Yuja Wang, and my return to vinyl

Last Thursday I heard 21 year old Chinese piano prodigy Yuja Wang play Prokofiev's Second Piano Concerto with the LA Philharmonic conducted by Charles Dutoit.


I'd never heard this piece, nor had I heard much about Wang. She emerged from the wings in a fire engine red strapless dress, but the outfit was the flashiest part of her performance. She's all business on the piano, and she was as impressive a pianist as I've heard in a long time. From my seats along the first violin side of the concert hall, I could only see her back, but it was clear her fingers were flying all over the keyboard from one end to another, and her long, slender, but toned arms pulled a huge sound from the belly of the instrument. Technical mastery, a command of musical phrasing, she showcased it all, and the crowd gave her a standing ovation.


The program concluded with Rimsky-Korsakov's Scheherezade, one of the first classical pieces I remember my father playing for me when I was young, one of the first orchestral pieces to imprint itself in my memory. I can't think of many pieces more evocative, of another time, another land, and a timeless mythological tale. In so many movie scores I hear the musical lineage of Scheherazade and picture thick, crimson curtains sliding open to reveal a Technicolor panorama unfolding on screen.

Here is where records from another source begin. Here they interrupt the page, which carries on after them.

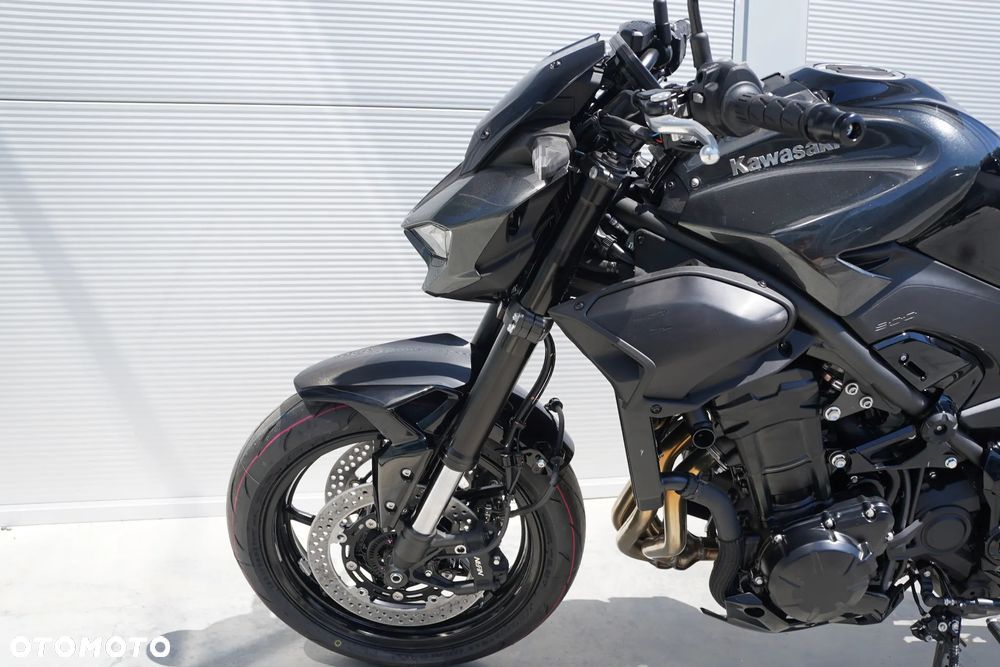 Kawasaki Z 900 - 5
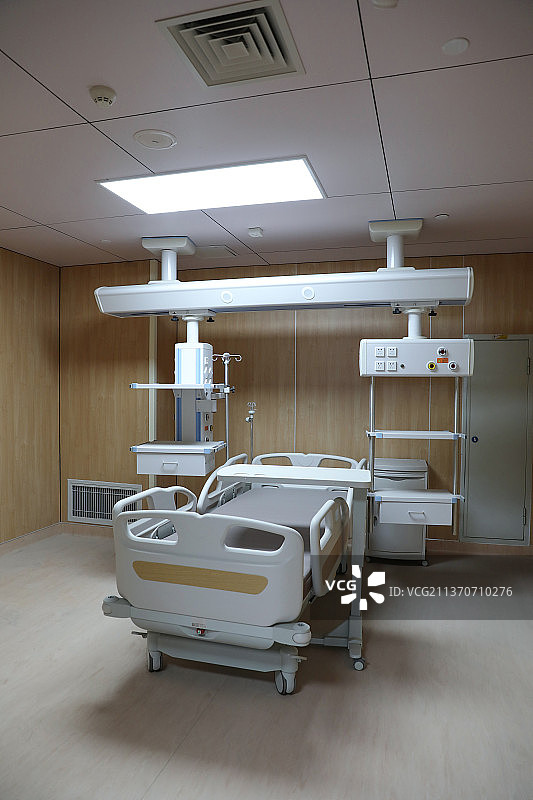 医院隔离ICU医疗设备吊塔吊桥图片素材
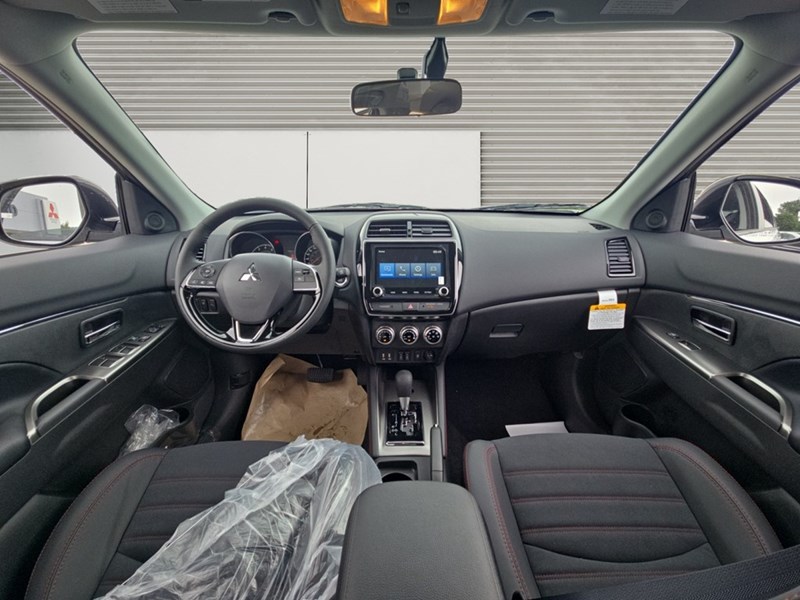 2025 Mitsubishi RVR SEL AWC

As a side note, I've bought a turntable and am going back to vinyl. Cue obvious mid-life crisis/aging jokes, but for music I really love, CDs don't offer quite the sound I want (don't even start in on MP3s), and the selection in the SACD market is poor to nonexistent. I loved playing my dad's LPs when I was a kid, I love the big album cover art, and I love that crackle when the needle drops onto the vinyl: it generates a timeless Pavlovian anticipation.


Let me know if you have any recommendations as to good stores to buy vinyl, either online or in the LA area.